O marinheiro do sonho da Segunda, é a maneira em que ela
começa a inventar uma vida nova. O marinheiro representa ela mesmo. Ela vai
explicando que o marinheiro ficou sozinho numa ilha depois de um naufrágio, e
sabendo que nunca voltará para a casa dele, ele começa a inventar um passado e
uma vida nova. É exatamente isto que A Segunda está tentando fazer. Ela sabe
que por ter matada a mulher, ela está presa por vida e nunca voltará para a
terra dela. Sabemos que está presa porque ela fala como ela nunca vai poder ver
o mar. “Aquele que nós vemos dá-nos sempre saudades daquele que não veremos
nunca.” (p. 218). Ela só fala de um jeito que ela nunca vai sair da sala porque
sabe que está presa numa cadeia.
Não sabemos por quanto tempo que A Segunda tem sido
presa, mas tempo suficiente para começar a inventar outras personagens. Ela
diz, “Tenho que cansar a ideia de que vos posso ver para poder chegar a
ver-vos...” (p. 219). Ela mesma diz que ela cansa a ver as outras duas donzelas
porque na verdade não existem fisicamente. Apenas fazem parte da própria
consciência dela. Ela nunca tem contato com o caixão na sala porque é apenas a
coisa que nunca sai da mente dela. Ele não quer ficar sozinha com a memória de
matar a mulher então ela vai inventando personagens para atrair a atenção
daquilo. No final da peça, ela já começa criar uma outra personagem. “Quem é
que está falando com a minha voz... Ah. Escutai.” (p. 229). Ela começa a ouvir
uma outra voz, que significa ela já está no processo de criar uma outra pessoa
da própria consciência dela. Fala que seria a quinta pessoa porque para ela já
tem ela mesmo, A primeira, A Terceira, e a mulher no caixão. Ela vai criando
mais e mais pessoas ao longo do tempo para evitar a parte culpada da mente, que
é representada pela imagem da mulher no caixão que matou. A Segunda dá uma
olhada para o caixão algumas vezes e quando ela faz isto, A Terceira fala para
não prestar atenção para ela, que são apenas elas três sentadas conversando e
mais ninguém está escutando.
A solidão da Segunda significa que ela era mandada para
prisão em solitária. Por estar sozinho com a culpa de consciência, ela não
aguentou mais e não quis sofrer durante o tempo que tem que ficar na cadeia.

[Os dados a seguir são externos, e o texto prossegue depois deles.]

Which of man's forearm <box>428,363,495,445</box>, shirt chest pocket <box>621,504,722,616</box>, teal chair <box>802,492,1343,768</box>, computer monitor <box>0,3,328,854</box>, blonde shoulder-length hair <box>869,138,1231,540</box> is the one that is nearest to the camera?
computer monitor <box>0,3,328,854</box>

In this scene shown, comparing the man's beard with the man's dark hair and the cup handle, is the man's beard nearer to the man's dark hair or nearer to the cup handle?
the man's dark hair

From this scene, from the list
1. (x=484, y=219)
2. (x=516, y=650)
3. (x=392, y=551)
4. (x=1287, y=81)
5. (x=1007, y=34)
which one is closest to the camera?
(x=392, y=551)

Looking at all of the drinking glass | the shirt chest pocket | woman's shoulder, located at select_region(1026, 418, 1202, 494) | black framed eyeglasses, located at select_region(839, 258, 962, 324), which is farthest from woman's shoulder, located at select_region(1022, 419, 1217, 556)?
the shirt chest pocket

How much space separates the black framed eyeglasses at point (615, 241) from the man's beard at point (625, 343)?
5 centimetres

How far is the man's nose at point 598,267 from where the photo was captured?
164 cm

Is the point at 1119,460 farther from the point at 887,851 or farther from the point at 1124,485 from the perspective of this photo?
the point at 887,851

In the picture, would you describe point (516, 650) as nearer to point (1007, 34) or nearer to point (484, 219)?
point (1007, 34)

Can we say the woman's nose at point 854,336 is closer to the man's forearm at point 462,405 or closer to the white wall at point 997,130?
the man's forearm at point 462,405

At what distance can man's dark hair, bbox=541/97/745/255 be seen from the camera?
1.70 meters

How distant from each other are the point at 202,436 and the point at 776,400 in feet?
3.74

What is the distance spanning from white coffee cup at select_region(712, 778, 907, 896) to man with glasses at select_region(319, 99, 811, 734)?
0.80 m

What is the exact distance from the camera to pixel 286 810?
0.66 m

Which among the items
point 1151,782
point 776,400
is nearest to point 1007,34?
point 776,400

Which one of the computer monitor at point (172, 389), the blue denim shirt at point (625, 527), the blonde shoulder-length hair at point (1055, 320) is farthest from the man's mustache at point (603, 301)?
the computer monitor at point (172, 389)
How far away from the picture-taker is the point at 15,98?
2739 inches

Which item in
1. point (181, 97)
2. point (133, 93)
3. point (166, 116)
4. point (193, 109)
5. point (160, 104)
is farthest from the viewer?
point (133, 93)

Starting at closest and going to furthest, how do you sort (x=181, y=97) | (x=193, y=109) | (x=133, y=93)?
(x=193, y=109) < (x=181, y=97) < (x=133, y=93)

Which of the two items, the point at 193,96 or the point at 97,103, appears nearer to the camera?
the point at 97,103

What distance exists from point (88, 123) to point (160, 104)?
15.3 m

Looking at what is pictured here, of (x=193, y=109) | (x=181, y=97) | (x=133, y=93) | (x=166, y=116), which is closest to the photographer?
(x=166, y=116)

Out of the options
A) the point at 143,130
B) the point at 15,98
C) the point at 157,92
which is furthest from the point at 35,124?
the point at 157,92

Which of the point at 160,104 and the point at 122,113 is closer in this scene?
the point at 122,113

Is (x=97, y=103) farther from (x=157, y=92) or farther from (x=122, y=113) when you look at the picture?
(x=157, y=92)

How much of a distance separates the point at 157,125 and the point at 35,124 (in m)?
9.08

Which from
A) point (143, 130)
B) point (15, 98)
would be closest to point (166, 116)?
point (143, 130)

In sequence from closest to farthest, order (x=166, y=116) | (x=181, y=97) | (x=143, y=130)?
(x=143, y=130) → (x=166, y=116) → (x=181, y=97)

Ela nunca fala na peça exatamente o que foi que fez. Ela deixa clara que ela
tem feito algo que está perturbando-se. Ela diz, “Ó minhas irmãs, minhas
irmãs... Há qualquer coisa, que não sei o que é, que vos não disse... qualquer coisa
que explicaria isto tudo... A minha alma esfria-me.” (p. 225). Ela quer dizer
que ela sabe porque está na cadeia. Ela sabe a coisa que tem feito que explica
a situação em que ela se encontra. Ela só não quer aceitar, e viver com aquilo.

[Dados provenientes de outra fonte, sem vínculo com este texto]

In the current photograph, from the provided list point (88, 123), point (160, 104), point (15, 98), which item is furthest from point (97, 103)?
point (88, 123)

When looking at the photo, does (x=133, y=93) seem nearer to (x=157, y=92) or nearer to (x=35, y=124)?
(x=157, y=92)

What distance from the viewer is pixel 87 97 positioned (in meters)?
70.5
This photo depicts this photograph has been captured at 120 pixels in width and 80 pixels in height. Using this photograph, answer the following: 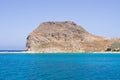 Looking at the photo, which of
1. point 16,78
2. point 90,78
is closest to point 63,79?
point 90,78

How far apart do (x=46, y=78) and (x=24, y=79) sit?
3943 mm

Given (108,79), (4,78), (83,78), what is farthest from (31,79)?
(108,79)

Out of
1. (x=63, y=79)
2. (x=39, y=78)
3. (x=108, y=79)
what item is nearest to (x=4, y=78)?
(x=39, y=78)

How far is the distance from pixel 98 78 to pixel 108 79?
206cm

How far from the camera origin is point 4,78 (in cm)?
5294

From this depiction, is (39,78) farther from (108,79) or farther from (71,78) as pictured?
(108,79)

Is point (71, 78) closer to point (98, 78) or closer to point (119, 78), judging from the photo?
point (98, 78)

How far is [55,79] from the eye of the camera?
52219 mm

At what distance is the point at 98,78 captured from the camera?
53.6 metres

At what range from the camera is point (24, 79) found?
52.1 metres

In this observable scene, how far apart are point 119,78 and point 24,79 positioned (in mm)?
16076

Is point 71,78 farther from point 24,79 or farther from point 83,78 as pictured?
point 24,79

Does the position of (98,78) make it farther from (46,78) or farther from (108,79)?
(46,78)

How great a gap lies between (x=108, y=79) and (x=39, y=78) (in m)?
11.7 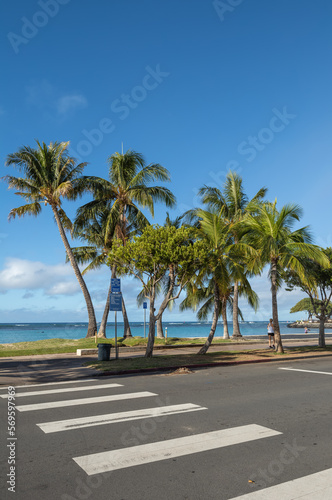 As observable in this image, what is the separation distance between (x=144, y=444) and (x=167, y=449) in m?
0.39

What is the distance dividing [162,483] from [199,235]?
1571 cm

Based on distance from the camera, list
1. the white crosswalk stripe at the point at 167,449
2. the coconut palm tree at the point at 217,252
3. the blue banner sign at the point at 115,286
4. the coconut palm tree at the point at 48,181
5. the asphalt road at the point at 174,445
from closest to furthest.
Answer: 1. the asphalt road at the point at 174,445
2. the white crosswalk stripe at the point at 167,449
3. the blue banner sign at the point at 115,286
4. the coconut palm tree at the point at 217,252
5. the coconut palm tree at the point at 48,181

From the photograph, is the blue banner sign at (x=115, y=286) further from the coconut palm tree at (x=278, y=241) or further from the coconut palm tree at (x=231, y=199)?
the coconut palm tree at (x=231, y=199)

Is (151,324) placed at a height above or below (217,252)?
below

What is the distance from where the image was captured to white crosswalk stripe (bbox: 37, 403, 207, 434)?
643 centimetres

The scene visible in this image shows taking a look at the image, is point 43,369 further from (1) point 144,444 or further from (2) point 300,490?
(2) point 300,490

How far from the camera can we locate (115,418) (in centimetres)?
693

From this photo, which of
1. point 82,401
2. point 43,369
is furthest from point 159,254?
point 82,401

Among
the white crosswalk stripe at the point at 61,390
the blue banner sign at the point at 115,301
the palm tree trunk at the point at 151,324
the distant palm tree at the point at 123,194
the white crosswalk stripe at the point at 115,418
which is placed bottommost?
the white crosswalk stripe at the point at 61,390

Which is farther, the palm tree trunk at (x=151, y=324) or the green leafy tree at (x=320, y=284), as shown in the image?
the green leafy tree at (x=320, y=284)

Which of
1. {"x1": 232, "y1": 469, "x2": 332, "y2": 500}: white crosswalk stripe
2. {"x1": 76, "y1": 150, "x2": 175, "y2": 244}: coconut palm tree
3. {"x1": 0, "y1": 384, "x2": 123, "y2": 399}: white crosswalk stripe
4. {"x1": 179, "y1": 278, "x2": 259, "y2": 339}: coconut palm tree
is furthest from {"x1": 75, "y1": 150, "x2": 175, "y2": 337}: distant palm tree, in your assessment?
{"x1": 232, "y1": 469, "x2": 332, "y2": 500}: white crosswalk stripe

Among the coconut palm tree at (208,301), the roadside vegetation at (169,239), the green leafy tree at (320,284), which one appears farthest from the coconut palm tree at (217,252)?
the coconut palm tree at (208,301)

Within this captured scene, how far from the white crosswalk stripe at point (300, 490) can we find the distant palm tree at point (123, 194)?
22.3 m

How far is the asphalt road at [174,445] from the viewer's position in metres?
4.20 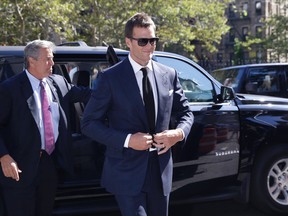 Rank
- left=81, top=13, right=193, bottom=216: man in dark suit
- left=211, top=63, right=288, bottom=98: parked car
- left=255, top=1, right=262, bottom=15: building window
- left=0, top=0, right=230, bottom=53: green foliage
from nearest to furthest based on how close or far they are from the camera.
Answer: left=81, top=13, right=193, bottom=216: man in dark suit < left=211, top=63, right=288, bottom=98: parked car < left=0, top=0, right=230, bottom=53: green foliage < left=255, top=1, right=262, bottom=15: building window

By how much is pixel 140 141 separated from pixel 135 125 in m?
0.17

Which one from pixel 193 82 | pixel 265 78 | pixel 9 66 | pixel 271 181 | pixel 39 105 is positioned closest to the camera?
pixel 39 105

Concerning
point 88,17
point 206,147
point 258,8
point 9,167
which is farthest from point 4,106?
point 258,8

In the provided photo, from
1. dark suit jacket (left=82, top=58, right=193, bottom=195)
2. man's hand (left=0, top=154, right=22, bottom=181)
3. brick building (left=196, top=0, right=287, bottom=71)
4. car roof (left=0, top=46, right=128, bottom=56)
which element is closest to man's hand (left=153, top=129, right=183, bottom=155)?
dark suit jacket (left=82, top=58, right=193, bottom=195)

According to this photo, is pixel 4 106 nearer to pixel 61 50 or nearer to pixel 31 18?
pixel 61 50

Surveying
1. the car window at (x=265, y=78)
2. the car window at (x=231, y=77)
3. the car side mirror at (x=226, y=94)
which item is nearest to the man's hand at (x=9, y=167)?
the car side mirror at (x=226, y=94)

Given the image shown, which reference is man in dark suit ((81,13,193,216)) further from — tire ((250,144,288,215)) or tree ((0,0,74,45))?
tree ((0,0,74,45))

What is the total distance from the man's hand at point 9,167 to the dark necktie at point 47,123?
29 centimetres

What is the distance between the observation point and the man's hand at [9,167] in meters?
2.99

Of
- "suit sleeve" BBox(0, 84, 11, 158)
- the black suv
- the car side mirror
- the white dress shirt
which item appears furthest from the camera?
the car side mirror

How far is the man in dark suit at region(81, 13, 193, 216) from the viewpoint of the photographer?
282cm

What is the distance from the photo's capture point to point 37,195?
329cm

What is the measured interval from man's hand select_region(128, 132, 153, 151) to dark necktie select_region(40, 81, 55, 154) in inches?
30.6

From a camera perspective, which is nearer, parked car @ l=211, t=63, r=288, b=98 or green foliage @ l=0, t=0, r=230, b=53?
parked car @ l=211, t=63, r=288, b=98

Por isto ela nunca quer falar do passado a menos que seja um passado que nunca
aconteceu. Um passado alternativo para que ela não tenha que lembrar do
homicídio.
A Segunda sabe que um dia ela vai ter que acordar e
enfrentar a realidade. Tanto que ela se esforça para esquecer do crime dela, a
consciência não deixa. A imagem da mulher no caixão sempre estará no lado dela
se perturbando. No sonho que ela conta do marinheiro, um dia o marinheiro chega
a cansar de sonhar e inventar a vida alternativa. O marinheiro, tanto que não
quiser, tem que acordar e enfrentar a realidade que ele está na ilha sozinha e
nunca voltará para sua terra. A Segunda jamais quer enfrentar a realidade que
ela tem matada alguém e nunca voltará para a terra dela. Não sabemos o fim da
vida dela. Se ele acaba aceitando a realidade ou se ela continua a inventar
escapes da realidade para ocupar a vida na cadeia. Ela gostaria de viver como
uma pessoa boa na fantasia dela, do que uma monstra na realidade.